放送での「バカ」の使い方、機転の利かし方…小倉智昭さんは“先生”のような存在だった
中継から局に戻ると、夜になるのに小倉さんがスタッフルームで待っていた。
「城下クン、ごめんよ。ちょっとした冗談だったんで、笑ってりゃよかったんだよ。真面目に捉え過ぎだ」
こう言って笑いながら帰っていった。
待つといえば、今から7年前もそうだった。僕が本を出版した時、ちょうどフジテレビの仕事があったので「とくダネ!」の生放送中にマネジャーに「小倉さんのことを書いた部分がありますので」と言って本を手渡した。
僕が仕事を終えて戻ってみると、小倉さんは生放送終了から3時間以上も経っているのに待っていてくれて、声をかけてくれた。
そして若い頃の僕にさまざまなことを教えてくれた。放送では「バカ」という言葉は使えないが、誰もがダメだと思える人物には「バカもバカ、大バカヤローだ」と言えば通用するのだという。
また、出演者の卒業写真を使う企画で、女性リポーターがうっかり写真を忘れてきたことがあった。
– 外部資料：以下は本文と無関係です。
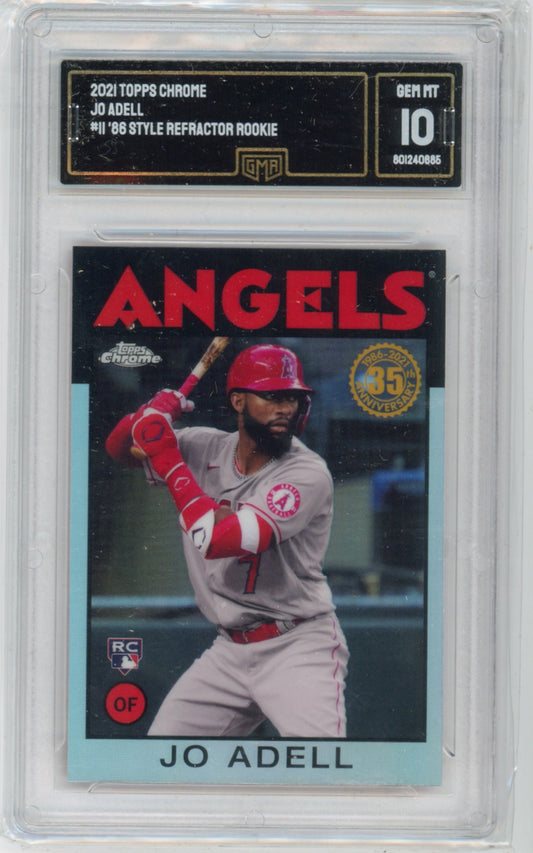 2021 Topps Chrome Jo Adell #11 '86 Style Refractor Rookie GMA 10
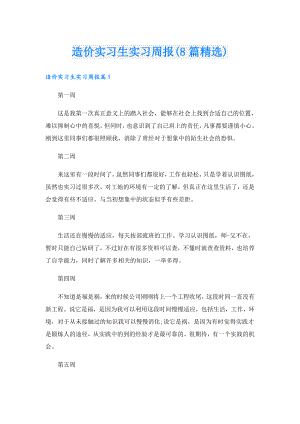 造价实习生实习周报(8篇精选).doc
すると小倉さんは「若い頃の写真は戦災で焼けたんだろう」と、彼女のミスを笑いに変えてやっていた。そういった「機転の利かし方もあるよ」と教えてくれたのだ。
「小倉のことは嫌いだという人たちが、ある程度いるくらいがちょうどいい。じゃないと目立たない」
そんな強がりも言う小倉さんは僕にとっては“先生”のような存在だった。合掌。